Il Tribunale, pronunciatosi in primo grado aveva disposto la sospensione dei lavori, che, tuttavia, era stata successivamente revocata, con rigetto della domanda proposta dall’attore.
La sentenza di primo grado veniva, poi, confermata in sede di appello, dal momento che la Corte riteneva che non vi fosse stata alcuna lesione, in quanto il nuovo solaio posto in essere dal condomino convenuto in giudizio “aveva occupato il solo spazio delle travi lignee e lo spazio vuoto tra una trave e l'altra, vale a dire spazi che non facevano parte della volumetria del vano di proprietà del P., costituendo invece elementi integranti la struttura composita tipica del solaio in legno e compresi nella proprietà comune dei due piani”.
Giunti al terzo grado di giudizio, la Corte di Cassazione riteneva di dover, almeno parzialmente, aderire alle argomentazioni svolte dal ricorrente.
Secondo la Cassazione, infatti, “il solaio esistente fra i piani sovrapposti di un edificio è oggetto di comunione fra i rispettivi proprietari per la parte strutturale che, incorporata ai muri perimetrali, assolve alla duplice funzione di sostegno del piano superiore e di copertura di quello inferiore, mentre gli spazi pieni o vuoti che accedono al soffitto od al pavimento, e non sono essenziali all'indicata struttura rimangono esclusi dalla comunione e sono utilizzabili rispettivamente da ciascun proprietario nell'esercizio del suo pieno ed esclusivo diritto dominicale”.

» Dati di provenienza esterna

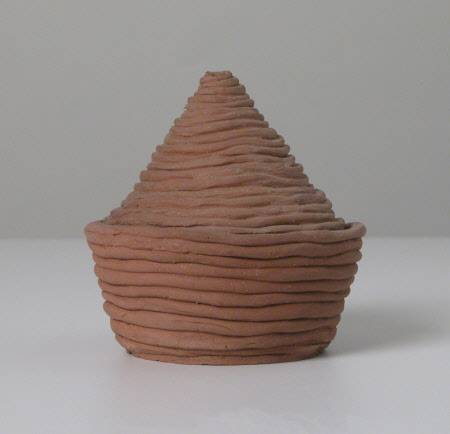Pot lid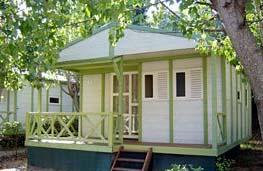 Benista Corse - Porticcio visuel 8/10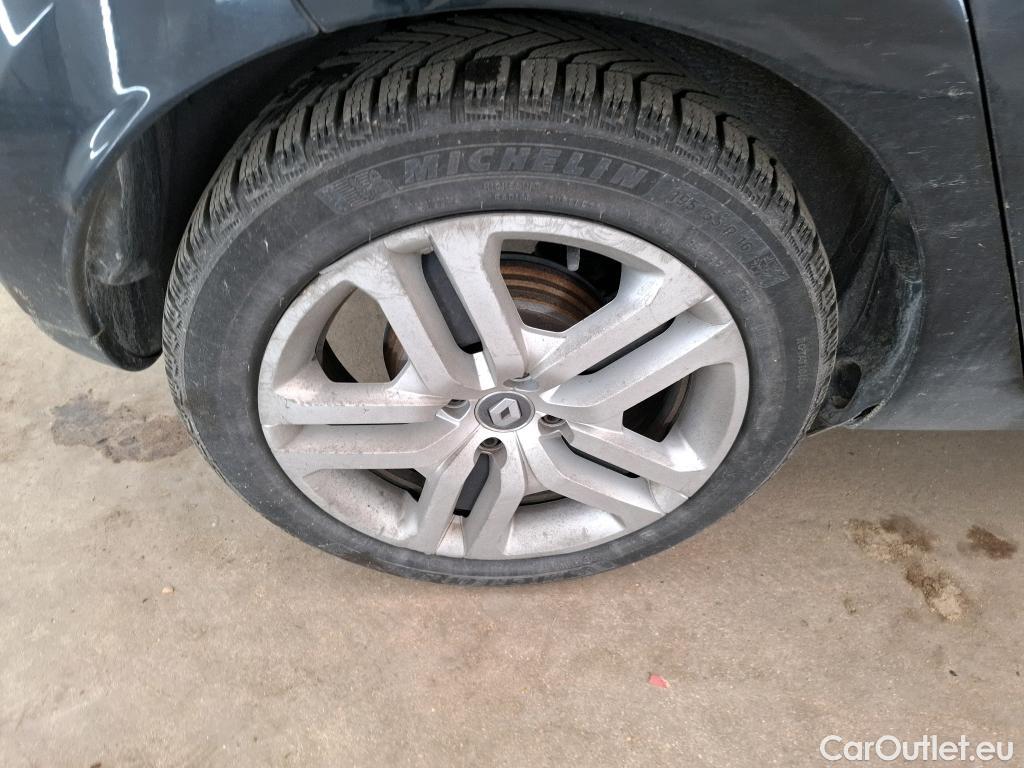  Renault  Clio  IV Business 1.5 dCi 90CV BVM5 E6 #28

Di conseguenza, secondo la Corte, doveva escludersi che anche lo spazio esistente fra le travi del soffitto fosse bene comune, in quanto tale spazio integra una “volumetria di esclusiva utilizzazione da parte del proprietario del piano sottostante”.
Infatti, “come dal solaio deve essere distinto il pavimento che poggia su di esso, che appartiene esclusivamente al proprietario dell'abitazione sovrastante e che può essere, quindi, da questo liberamente rimosso o sostituito secondo la sua utilità e convenienza (Cass. 7464/1994), così pure dev'essere distinto il volume esistente tra le travi, che costituisce il soffitto dell'appartamento sottostante ed è dunque liberamente utilizzabile dal proprietario di questo”.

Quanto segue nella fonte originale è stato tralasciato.